#medstories #intraining

If you had to pick a month that made the most sense with this article’s title, I’d argue that with Valentine’s Day and the romantic festivities that come with it, February would be the clear winner. And, in all honesty, though I intended to publish this post in February, I felt it fitting to delay by a day because, for me and approximately 37,000 other medical students who likely applied through the National Residency Matching Program (NRMP) for residency this year, March is Match.

March is the month that most fourth year medical students build their calendar around. It is the month when we find out where we’ll be spending the next 3-6 years of our lives, and which program will introduce us to new lifelong friendships and a new professional family.
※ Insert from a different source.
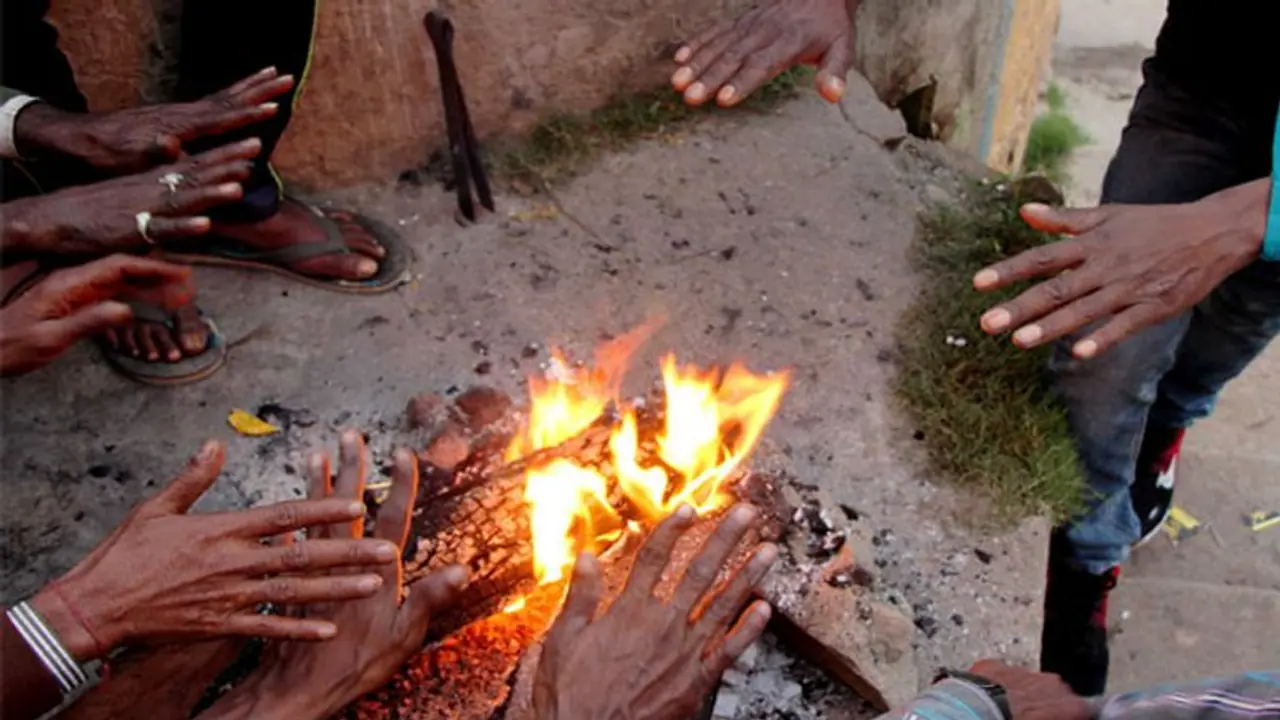 Winter Death: রাজ্যে শীতের প্রথম শিকার,পুরুলিয়ায় অতিরিক্ত শৈত্যে মৃত এক Winter Death: রাজ্যে শীতের প্রথম শিকার,পুরুলিয়ায় অতিরিক্ত শৈত্যে মৃত এক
During the month of March, Zillow likely has record numbers of medical students searching for places to live in the cities they hope to call home, program’s websites likely have repeat views from students hoping a program will like them too, and significant others start to consider what their lives and careers may look like once all is said and done.

So, let’s talk about this process that holds at its behest so many futures.

The Match is a process that gives students and programs a chance to meet one another in a speed-dating sort of dance and allows for them to choose their favorite dance partners at the end of the event. The host of the event, the NRMP, then employs an algorithm to figure out how to get everyone a match as high up on their list as possible. The Nobel Prize-winning algorithm was first introduced by Lloyd Shapley, who used its theory to express a solution to the Stable Marriage Problem. He explained that it was indeed possible through this method to create stable marriages between heterosexual individuals in a society despite people’s complex preferences for a mate.

Alvin Roth, who won the Nobel Prize in 2012 for his work along with Shapley, built on this by actualizing the theory in economic markets, most notably the Residency Match. Before the Match, the process of getting into residency worked a lot like getting a first job — students applied and interviewed and hospitals would try to offer slots to applicants they liked before other programs did. This was often accompanied by a time crunch, leading medical students to choose a site of training before having an opportunity to consider the other options that may be available to them.

Using the match theory proposed by Shapley, we’ll try to explain the Match in terms of the Stable Marriage Problem:

In this scenario, every unengaged woman in a cohort can propose to her first choice man. The man can then provisionally accept engagement until a proposal that he deemed better came along, at which point the woman he was provisionally engaged to could propose to her second choice man as her new “first choice.”

At no point would any person know what number choice they were on the other person’s list of preferences.

Here are our marriage rank lists (W=Woman, M=Man):

WA: 1) MA, 2) MB, 3) MC

WB: 1) MB, 2) MA, 3) MC

WC: 1) MA, 2) MC, 3) MB

MA: 1) WB, 2) WC, 3) WA

MB: 1) WC, 2) WA, 3) WB

MC: 1) WB, 2) WA, 3) WC

In this case, WA proposes to MA, who provisionally accepts since she is on his list. The two are provisionally matched.

WB proposes to MB, who provisionally accepts since she is on his list. The two are provisionally matched.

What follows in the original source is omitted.